How Machine Learning Helps Align Data at the Speed of Business

As businesses try to harness their many siloed sources of data by implementing master data management (MDM), many find that aligning the various data sources to produce a “single source of truth” is much harder than it appeared at first.  Yet ensuring data alignment and quality is critical to the MDM effort, whether it’s for the customer, product, vendor, or other master data. Business decisions based on bad data can not only be time-consuming but also extremely costly. According to Gartner research, “the average financial impact of poor data quality on organizations is $9.7 million per year.” Businesses are investing in MDM solutions to build a unified, reliable, and real-time data foundation to power their business operations and insights. The “Match and Merge” process plays a key role to align data across systems, deduplicating records that match, and merging the matched records into a single source of truth. Traditional MDM systems can make this cumbersome, time-consuming, and prone to errors. To overcome these challenges and ensure high data quality at scale, next-generation MDMs are using machine learning.

Let’s briefly examine the traditional processes of how records need to be matched and merged to form this unified view of the entities within an MDM platform and then see how machine learning technology can help optimize the matching process to improve the results and produce better quality data at scale. The machine learning approach is one of the most innovative master data management trends your business will want to get ahead with. You will see why the “match and merge” of traditional systems aren’t adequate for today’s high-speed digital, data-intensive business environments.

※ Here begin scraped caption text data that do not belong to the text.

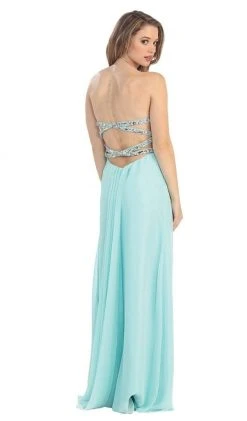 May Queen - MQ1026 Rhinestone-Encrusted Sweetheart Empire Chiffon Evening Dress Formal Gowns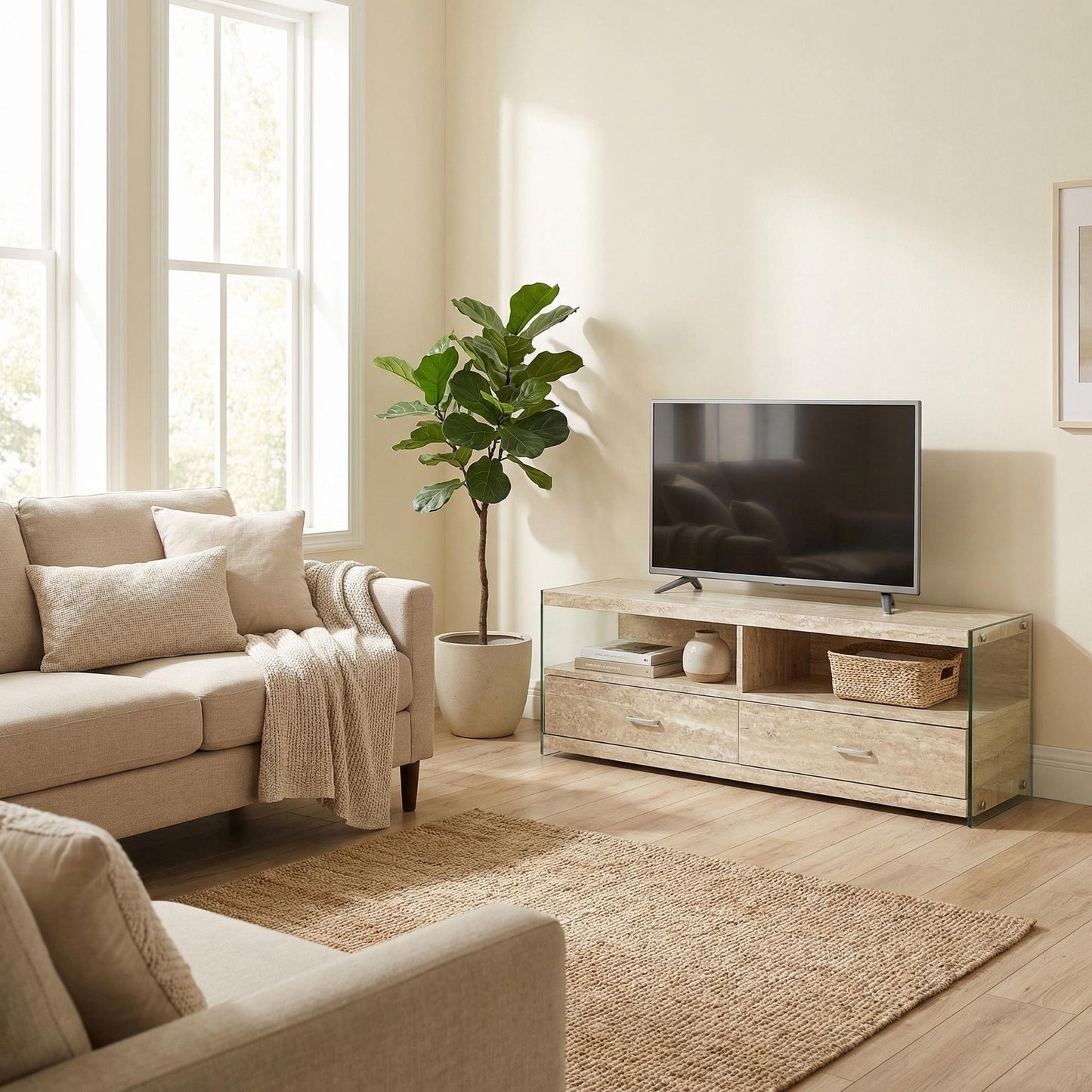 Nominately Modern Floating TV Stand, Beige Hollow Panel - VINE TRAVERTINE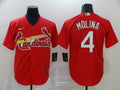 Men's St. Louis Cardinals Yadier Molina Majestic Cream Alternate Jerseys RED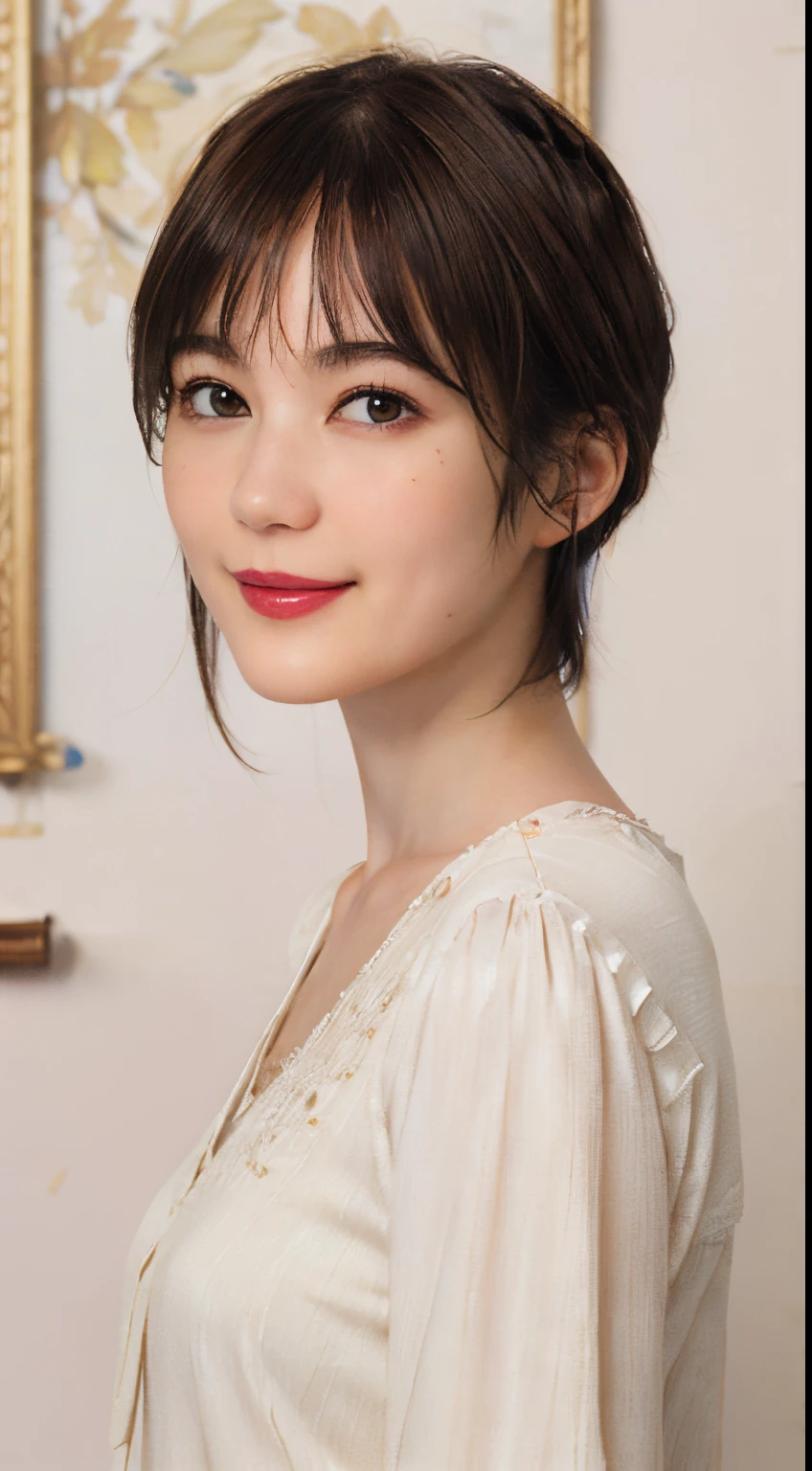 
(20 year old woman,Are standing), (surreal), (High resolution), ((beautiful hairstyle 46)), ((short hair:1.46)), (gentle smile), (breasted:1.1), (lipstick)、full body image、In underwear、detailed face、beautiful legs、detailed boobs、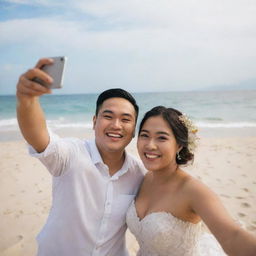 A Pixar-style image of a 24-year-old, joyfully plump Indonesian bride, named Yenni, smiling and taking a selfie with her partner Yusri, on a beautiful beach. Make sure to capture their happiness and the serene beach environment.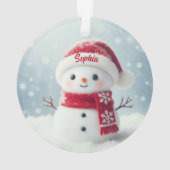 Custom Name Cute Snowman Christmas Ornament (achterkant)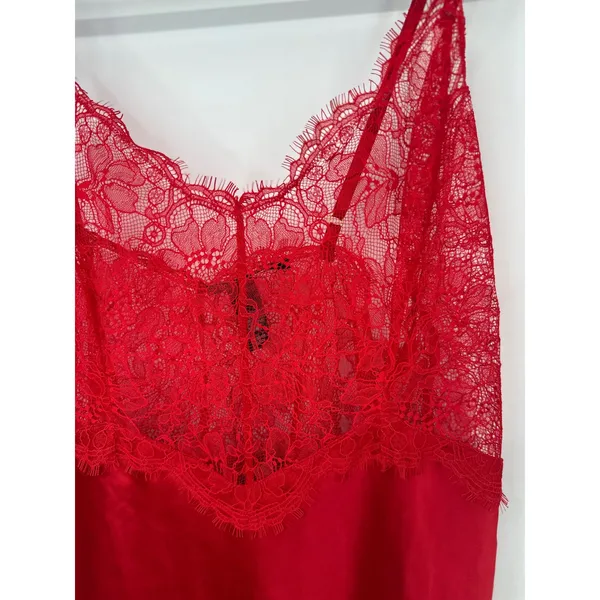 Victorias Secret Slip Dress Women XL Red Eyelash Lace Trim Satin Chemise Nightie - Image 3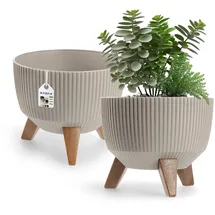 Kadax Blumentopf aus Kunststoff mit Drei Einsteckstützen, 24 cm Taupe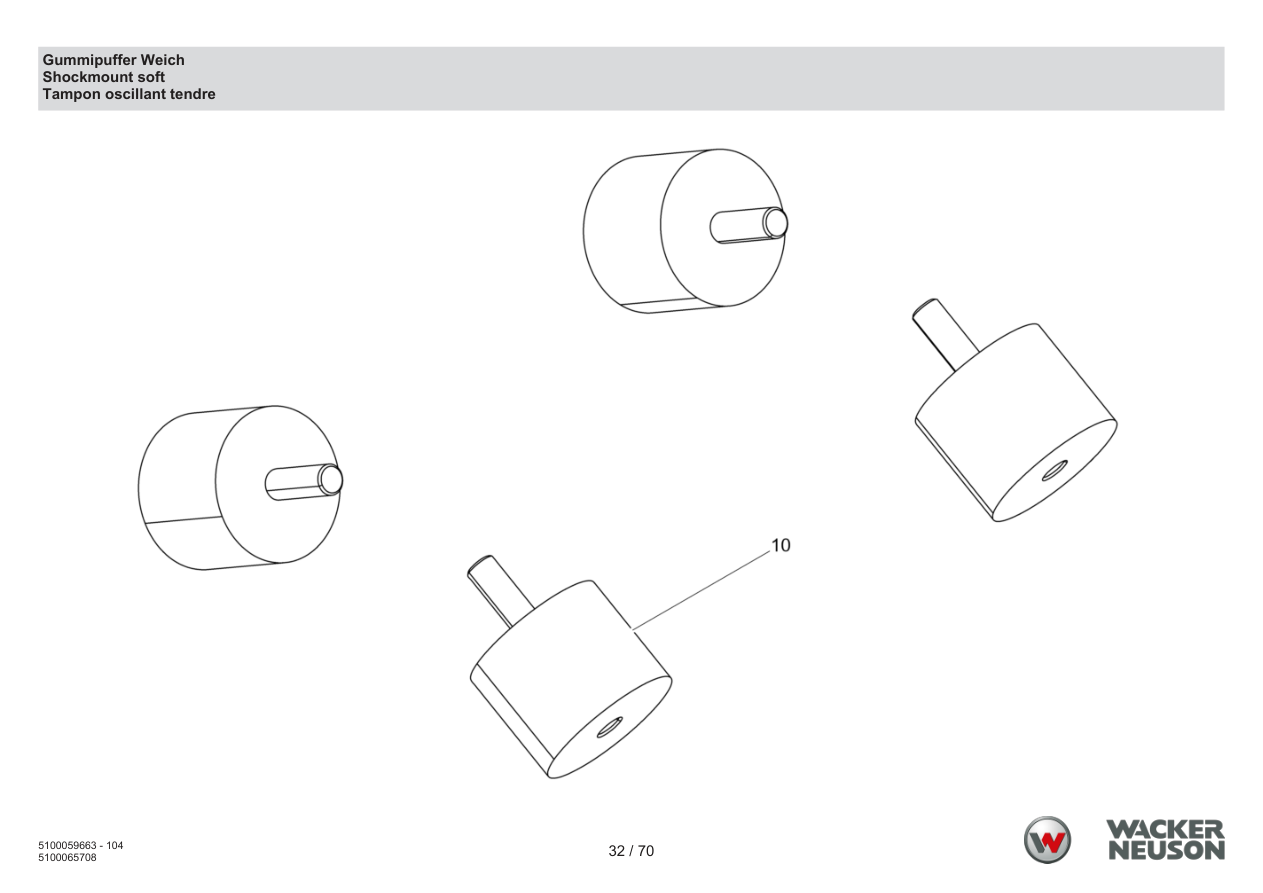 Wacker Neuson APS1340 Vibratory Plate Rubber buffer soft parts diagram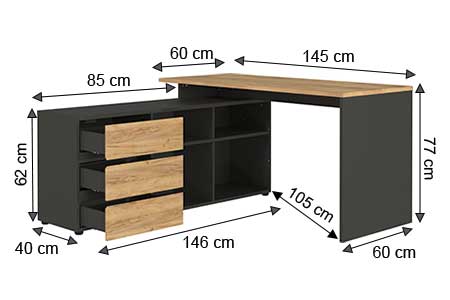 Dimensions détaillées du bureau d'angle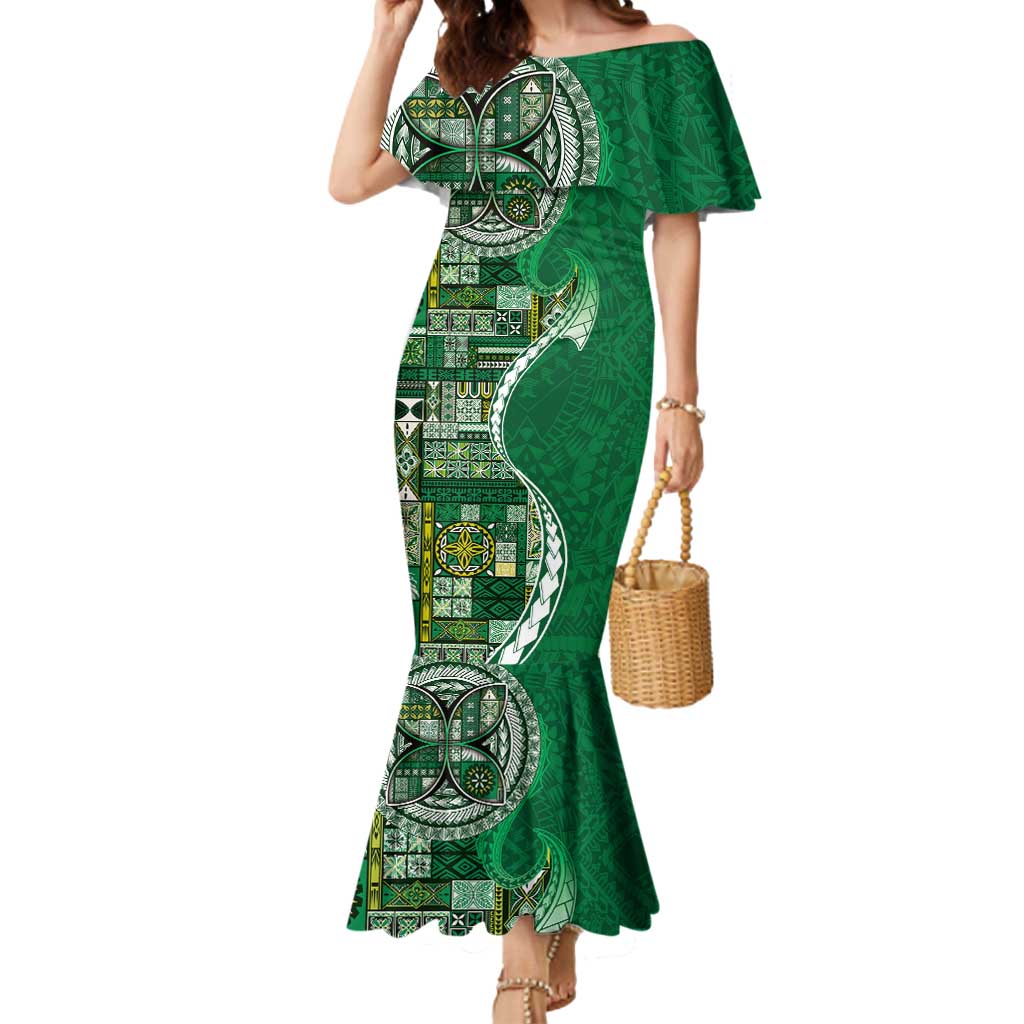 Samoan Siapo Art Tattoo Polynesian Pattern Mermaid Dress Green Color - Polynesian Pride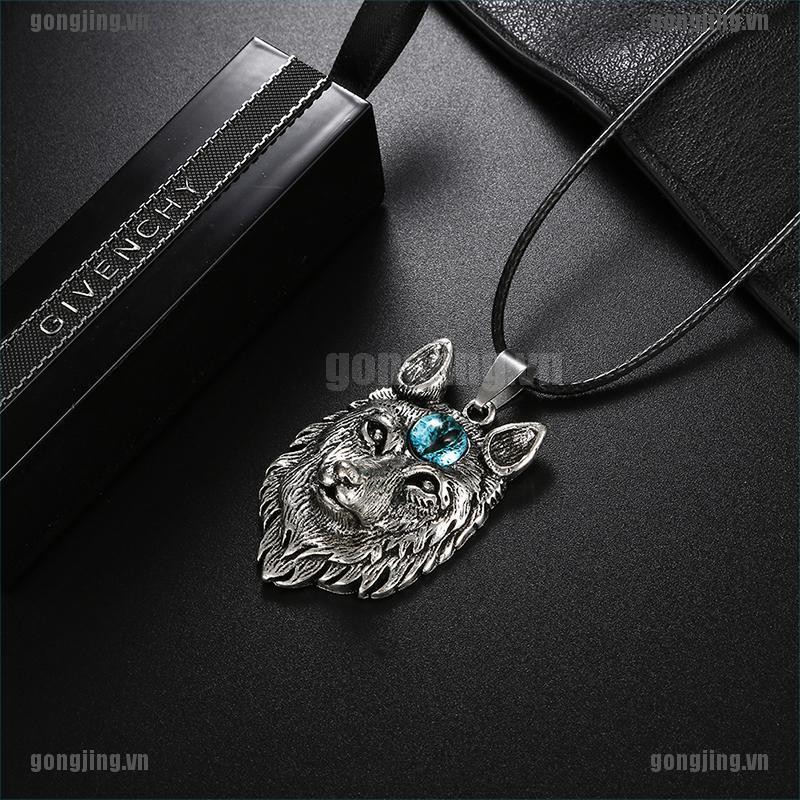 Dây Chuyền Mặt Đá Ruby Hình Mắt Sói Phong Cách Vikings Rune Punk Cho Nam
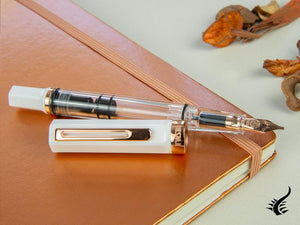 Twsbi Eco White Rose Gold Fountain Pen, Plastic, Transparent, M7447720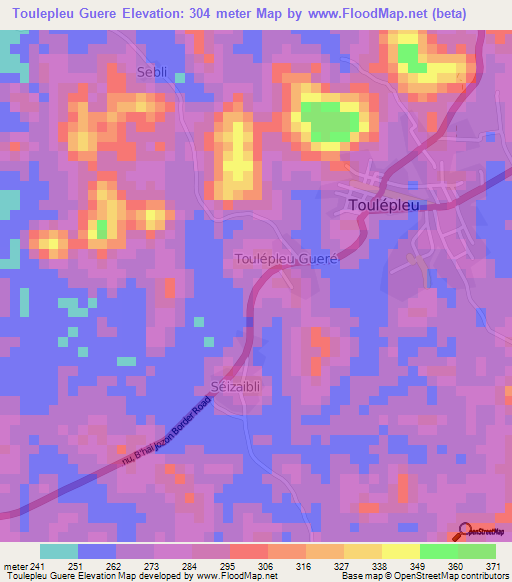 Toulepleu Guere,Ivory Coast Elevation Map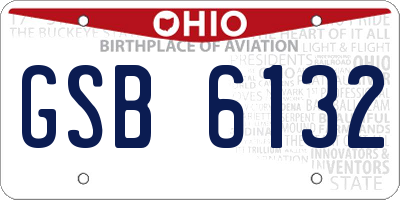 OH license plate GSB6132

Traditional Match-and-Merge Doesn’t Work for Today’s Enterprises

Traditional methods of matching are performed based on a set of instructions coded in the underlying legacy MDM platform. Configuring match rules here requires a series of time-consuming steps iterated until all stakeholders agree on the configuration that should be used for matching. Even the most efficient execution takes weeks or even months to complete across a process that includes most of these steps:

  • Gather the matching criteria to create the rule (example: first name, middle initial, and last name must match exactly to be considered a match).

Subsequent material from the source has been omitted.